(Items from a data source)
***

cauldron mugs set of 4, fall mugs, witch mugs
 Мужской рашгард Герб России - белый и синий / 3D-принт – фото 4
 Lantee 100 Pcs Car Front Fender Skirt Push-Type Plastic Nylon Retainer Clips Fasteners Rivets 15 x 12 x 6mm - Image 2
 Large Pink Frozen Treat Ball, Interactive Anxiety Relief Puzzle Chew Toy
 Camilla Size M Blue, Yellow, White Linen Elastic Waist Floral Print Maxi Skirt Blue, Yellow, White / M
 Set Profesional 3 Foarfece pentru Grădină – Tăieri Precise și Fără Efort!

***

What this task involves - Make a precise copy of the records in their entirety.

Exercise solution -
cauldron mugs set of 4, fall mugs, witch mugs
 Мужской рашгард Герб России - белый и синий / 3D-принт – фото 4
 Lantee 100 Pcs Car Front Fender Skirt Push-Type Plastic Nylon Retainer Clips Fasteners Rivets 15 x 12 x 6mm - Image 2
 Large Pink Frozen Treat Ball, Interactive Anxiety Relief Puzzle Chew Toy
 Camilla Size M Blue, Yellow, White Linen Elastic Waist Floral Print Maxi Skirt Blue, Yellow, White / M
 Set Profesional 3 Foarfece pentru Grădină – Tăieri Precise și Fără Efort!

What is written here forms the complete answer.